Assim, do norte ao sul do continente, as mais diferentes relações se estabeleciam entre os originários e os estrangeiros, as quais, sempre em caráter de desigualdade, alienavam centenas de milhares de indígenas da sua cosmovisão comunitária e/ou ligada a um poder central. Ao passo que eram retirados do cultivo e desfrute de suas terras, perdiam sua razão de ser, tendo de deixar a “velha identidade” para trás.

Tal como pode ser visto nos escritos de Hernan Cortez (2007, pp. 63-64), o destruidor de civilizações, na invasão espanhola na mesoamérica:

Os principais destes ídolos e nos quais eles tinham mais fé eu derrubei de seus assentos e os fiz descer escada abaixo. Fiz também com que limpassem aquelas capelas, pois estavam cheias de sangue dos sacrifícios que faziam. Em lugar dos ídolos mandei colocar imagens de Nossa Senhora e de outros santos, apesar da resistência de Montezuma e de outros nativos, por entenderem que as comunidades se levantariam contra mim. Eu os fiz entender quão enganados estavam em ter esperanças naqueles ídolos, e que deveriam saber que existe um só Deus, senhor universal de todos, o qual havia criado o céu, a terra e todas as coisas e fez a eles e nós, sendo imortal, e que a este é que deveriam adorar.

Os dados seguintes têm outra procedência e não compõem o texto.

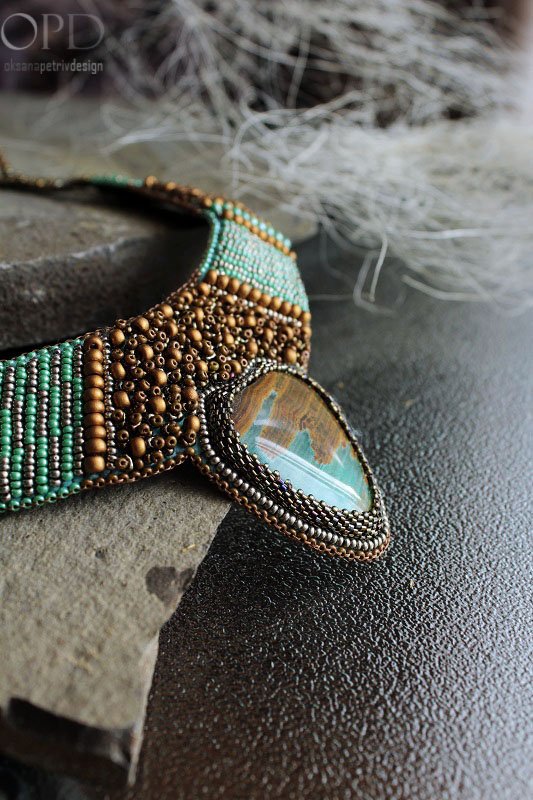 Olive green bib necklace 
etsy.com/listing/231392…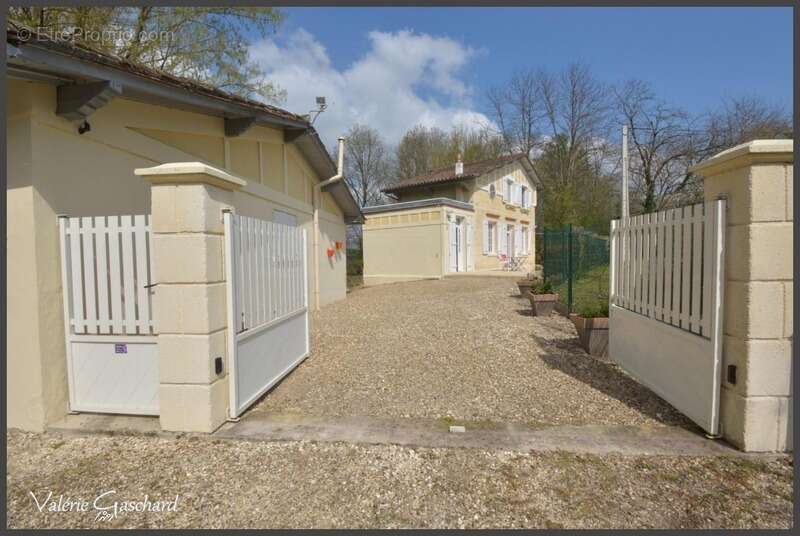 Maison à SAINT-MEDARD-DE-GUIZIERES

Equiparando-os a animais, cujo abate mecânico, impessoal e de forma não ritualística já era comum aos europeus, centenas de milhares de vidas indígenas seriam ceifadas por toda América. Como apontado por Las Casas (2007, p. 55), muitos nem eram considerados humanos pelos invasores:

[...] os espanhóis tiveram a ideia de fazer um massacre ou castigo (como eles dizem) a fim de implantar e estabelecer o terror pelas suas crueldades em todos os recantos dessa região. Pois sempre foi costume em todos os países em que entraram, praticar incontinenti, à sua chegada, alguma cruel e notável matança a fim de que esses pobres e dóceis cordeiros tremessem do medo que lhes inspirava (sic).

A partir dessa noção, destacamos que o período colonial na América Latina, com intensa descaracterização e genocídio das populações locais, além da espoliação da terra, permitiria o engrandecimento dos mercados e Estados europeus; sendo a colonização dos Andes e da região que viria se tornar a Bolívia essencial no processo.

Formando uma sociedade colonial que nasce convulsionando, as províncias dominadas nos Andes seriam as principais bases de sustentação do capitalismo durante os três séculos de colonização. Em uma incorporação das terras e dos seus habitantes que, diferentemente da América portuguesa – de “lenta digestão” –, foi devorada pela Espanha na “primeira investida”, engolindo tudo e todos no “Novo Mundo” (BOMFIM, 2005, p. 107).

Com essa premissa geral, iniciamos a exposição da chegada espanhola à costa da América Andina. A invasão teve repercussões imediatas à ordem do Tawantinsuyu e a todo o futuro dos povos originários da região. Pizarro e seus homens estabeleceriam o primeiro contato e a destruição, mas as repercussões sociais e econômicas viriam a se desenrolar, como visto pela América Latina, na garantia das reformas da estrutura e superestrutura colonial durante os séculos seguintes.

De forma que, como veremos na história da colonização andina, criaria um cenário de rápida degradação interna e externa, onde a Espanha realiza:

[...] o mais colossal empreendimento capitalista do Renascimento, sem ter condições de leva-la a cabo. Esta contradição haveria de explodir três séculos mais tarde, com a dissolução do Império espanhol na América: “As várias maneiras de acumulação primitiva que fazem germinar a era capitalista distribuem-se primeiramente, e por ordem mais ou menos cronológica, entre Portugal, Espanha, França e Inglaterra, quando esta última as mistura todas, no último terço do século XVII, num conjunto sistemático que abrange, de uma vez, o regime colonial, o crédito público, a riqueza moderna e o sistema protecionista” (...) “A história dessa expropriação não constitui matéria utilizável para conjunturas; está escrita na história da humanidade com caracteres indeléveis de sangue e fogo” (MARX) (ARREGUI, 1971, p. 30).